The other names on Rubinstein's list range from the famous and unlikely - Christopher Marlowe, Mary Sidney, even a glance at Queen Elizabeth I - to less familiar folk like William Stanley, the Sixth Earl of Derby, or Roger Manners, the Fifth Earl of Rutland. In each instance, the cases for the prosecution and the defense are laid out with equal attention and balance, with length proportionate to how serious the case was from the beginning.The cumulative effect of all this is, as always, quite damning to the man from Stratford, the petty, mean-spirited low-tier plutocrat who left London as soon as he'd made a pile of money, hoarded food during a famine, sued friends over pocket change, and, amidst the bric-a-brac left in his will to his wife and illiterate daughters, made no mention of books or plays, by himself or anybody else (and whose death didn't provoke so much as a comment from anybody at the time). That the beefeater buffoon looking out at the world from the Martin Droeshout portrait of First Folio could have written Henry V or Midsummer Night's Dream (to say nothing of King Lear) seems patently absurd. A simple accounting of the facts only underscores this.Of course Rubinstein doesn't stop there. On the Shakespeare-authorship question, nobody - absolutely nobody - ever does. If they did - if such writers simply said, "we don't know who wrote the plays of Shakespeare, but it sure as Hell wasn't the Stratford man," their position would be unassailable.

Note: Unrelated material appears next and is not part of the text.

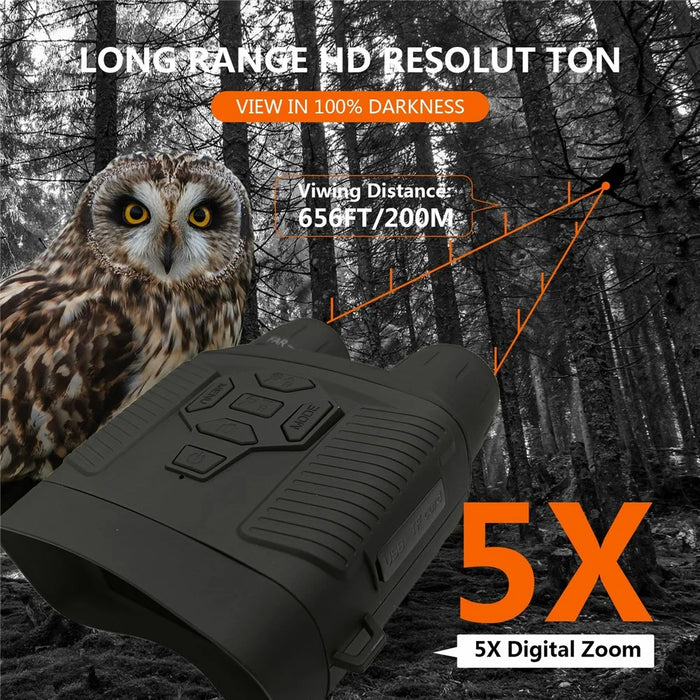 Y6 Night Vision Binoculars 36MP Digital 5X Zoom 4K 3 Inch LED Screen Telescope No Memory Card - Black - 5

But instead, they invariably paint targets on their own backs by backing one candidate or another. For most of his book, Rubinstein looks to be avoiding this pitfall - but then he gets to wealthy courtier and intellectual nonentity Sir Henry Neville and (perhaps weary?) decides to turn in his ticket and declare a winner.Rubinstein runs through the man's qualifications, but it scarcely matters what they are: once you put forward a candidate, you're fatally vulnerable. The whole genesis of the Shakespearean-authorship question is doubt - not just doubt that the man from Stratford could have written the greatest body of work this side of Homer (who was really Hesiod? Let's not get started, shall we?), but doubt that anybody could. Raise those doubts - revel in them, even - and you're on firm footing, since nobody could possibly be good enough to be Shakespeare. Declare an author, and your footing abruptly disappears - because nobody could possibly be good enough to be Shakespeare.